Time Well Spent-Toilet Version


Several years ago, during a visit to the community of Yana Rumy, in Cuchumuela, Bolivia, to celebrate the groundbreaking for household toilet constructions, I needed to go to the bathroom myself.  I asked Liboria, the closest woman to me, if she would show me where she went to the bathroom so I could use it.  We scurried uphill from the adobe homes for a good ten minutes until we were well-hidden in the pine forests that surround the community.  I was able to do my deed in the privacy of the woods, and scramble back downhill.

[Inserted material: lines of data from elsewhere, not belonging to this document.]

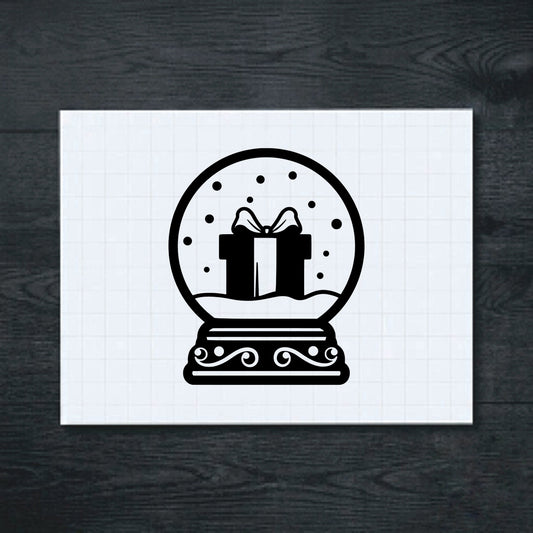 Black Presents in a Snow Globe vinyl sticker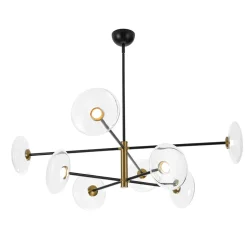 Designer Dimmable LED 8-light Glass Tiered Sputnik Chandelier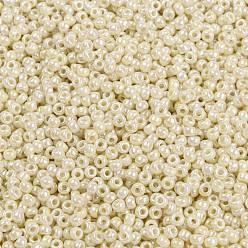 (RR486) Marfil Perla Ceilán AB Cuentas de rocailles redondas miyuki, granos de la semilla japonés, 8/0, (rr 486) marfil perla ceilán ab, 3 mm, agujero: 1 mm, Sobre 2111~2277 unidades / 50 g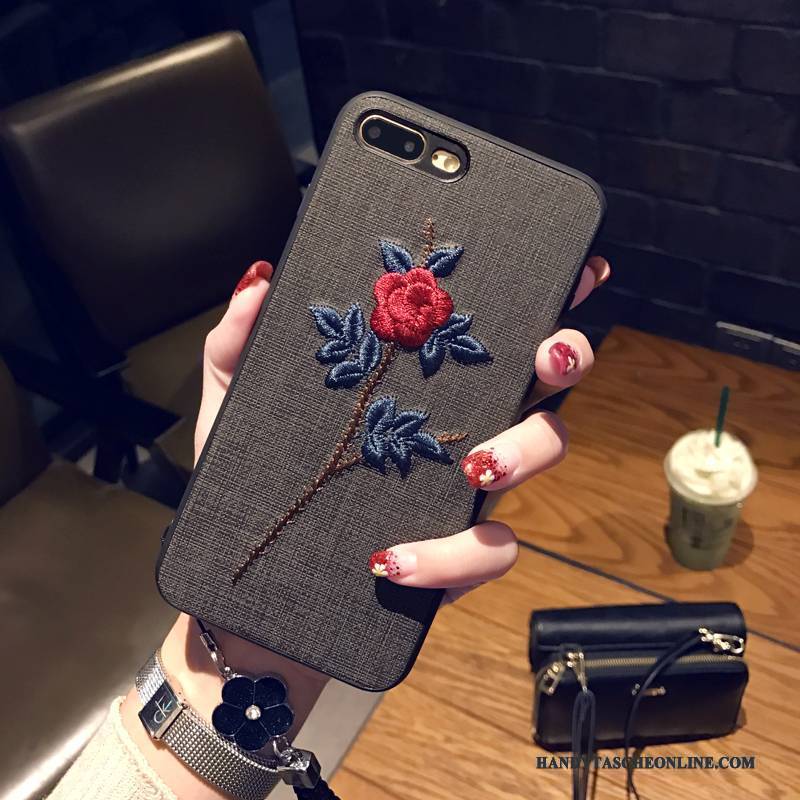 Hülle iPhone 6/6s Plus Weiche Schwarz Anti-sturz, Case iPhone 6/6s Plus Schutz Handyhüllen Hängende Verzierungen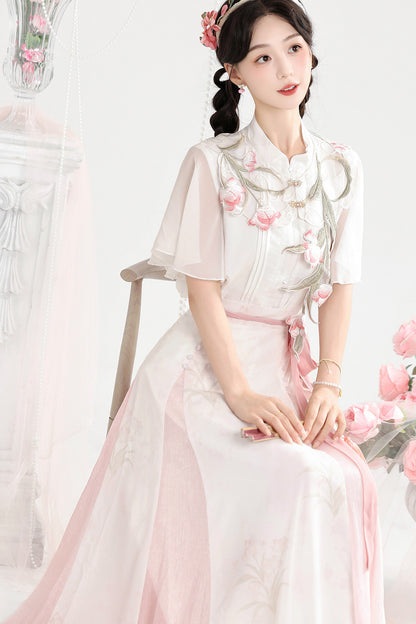 Rosa Hanfu-Hemd-und-Rock-Set mit nebligen Tulpen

Twenty minutes round trip to go pee.  I pee several times a day, as do most humans, meaning Liboria and other women in Yana Rumy were potentially spending hours just walking to go pee.  There are over 120 million people in Latin America who don’t have a toilet –meaning billions of hours are spent looking for places to go, especially for women.  Not time well spent. 

 

I am with Liboria again this week in Ecuador, where Water For People-Bolivia and her community are receiving a prize for the toilet-based business that sprung up from that initial toilet construction several years ago.  The composting toilets that Liboria and her neighbors built-with a little help from Water For People and the local government- now save them that 20 minute trip to go to the bathroom and provide a safe, clean, private place to take care of their basic needs.  But on top of that, they have managed to find a way to re-use the liquid wastes from the toilets in an income generating activity.  Fermented urine is used as a fertilizer on pine saplings, which are then planted in those surrounding hills that used to serve as the community toilet. Under those pine trees grow a type of shitake mushroom that is highly demanded in Bolivia and surrounding countries.  The going rate for a pound of potatoes is one Boliviano –the equivalent of $0.15.  But a pound of these ‘shrooms go for FORTY times as much at forty Bolivianos (just under $6USD). 

 

Instead of scrambling up and down steep paths to go the bathroom, Liboria now can spend time collecting and packaging a source of income for her and her family.  Time very well spent-so well that today she is representing her community at an international event to honor their creative, innovative solution. 

 
Liboria explaining how they use fermented urine for fertilizer to grow more pine trees to have more mushrooms to harvest.
 
Water For People and partners with the IDB/FEMSA prize for Innovative Sanitation Programs. 

1 comment:

Nina Miller said...

Great story, Kate! The toilet angle on time is undeniable but somehow it never fully occurred to me til just now that -- while you can delegate your water collection -- you have to spend your own time peeing! -- which is why everyone, everywhere needs a toilet! Thanks for the reminder.